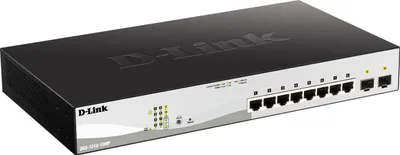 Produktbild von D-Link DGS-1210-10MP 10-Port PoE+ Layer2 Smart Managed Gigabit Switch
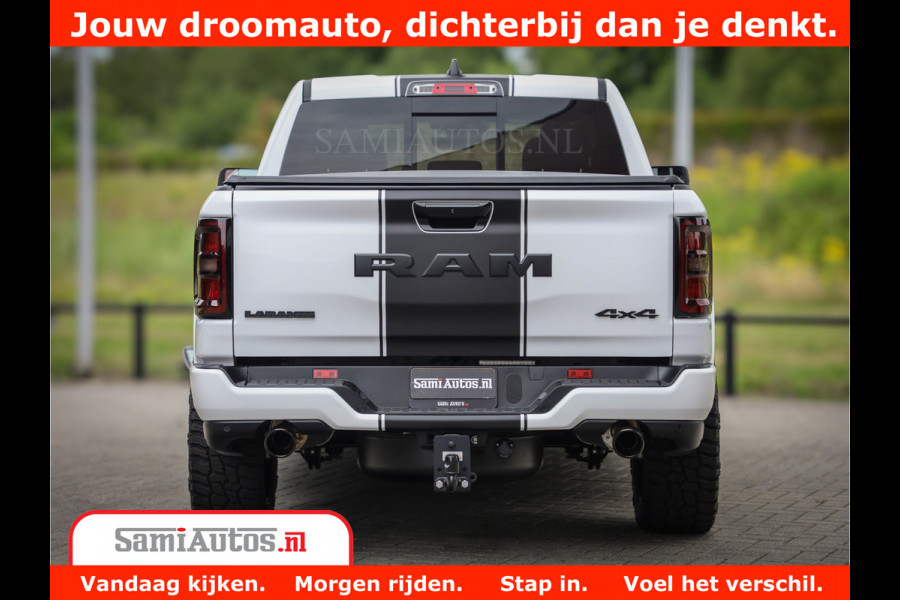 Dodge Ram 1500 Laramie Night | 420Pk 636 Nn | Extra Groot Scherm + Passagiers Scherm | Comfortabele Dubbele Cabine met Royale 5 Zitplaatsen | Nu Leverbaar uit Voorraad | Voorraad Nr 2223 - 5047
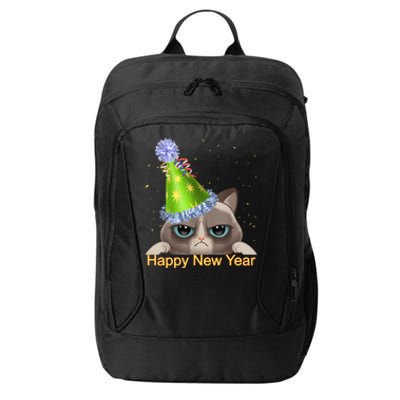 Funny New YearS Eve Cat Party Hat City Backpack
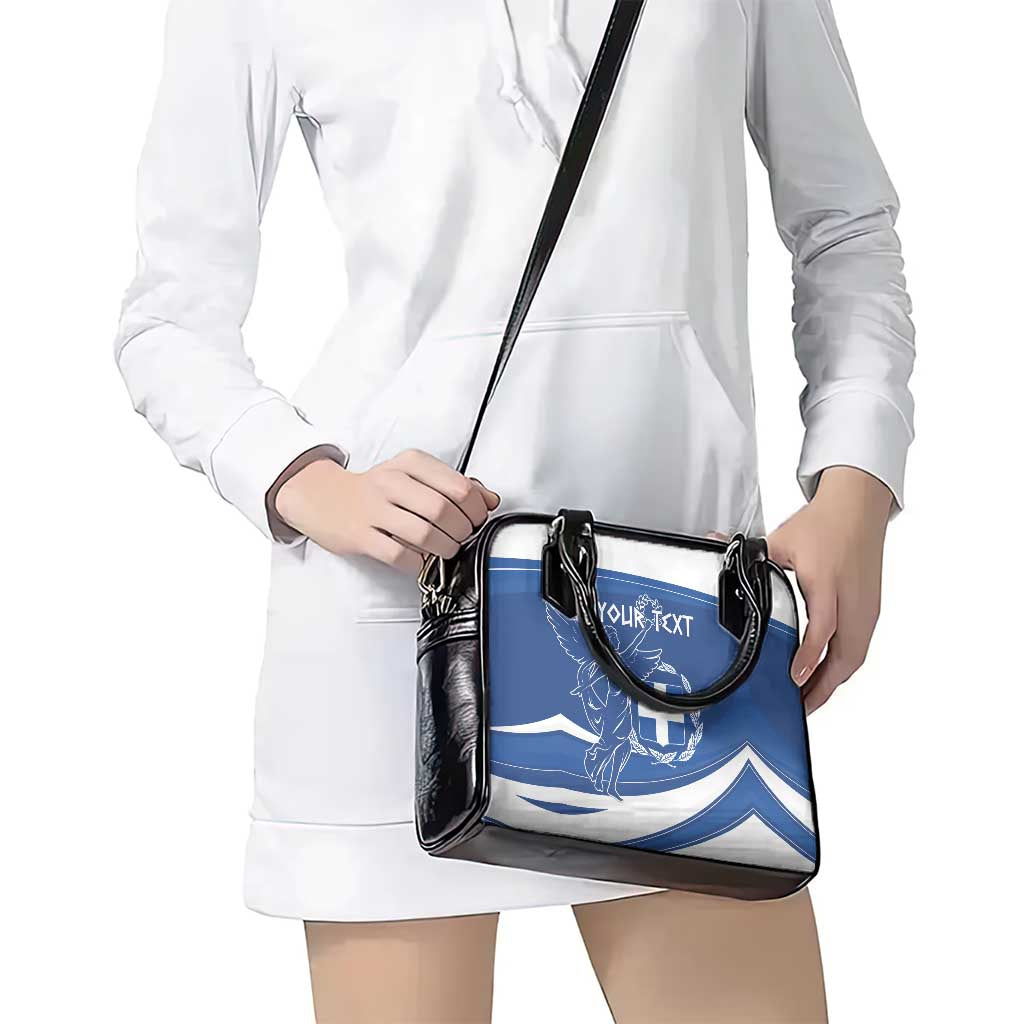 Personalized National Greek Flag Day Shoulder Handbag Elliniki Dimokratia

TASK DIRECTIONS: Will you repeat the material above, but only from the line containing "Funny New YearS" through its last line, exactly and without the pictures?

EXPECTED ANSWER:
 Funny New YearS Eve Cat Party Hat City Backpack
 Personalized National Greek Flag Day Shoulder Handbag Elliniki Dimokratia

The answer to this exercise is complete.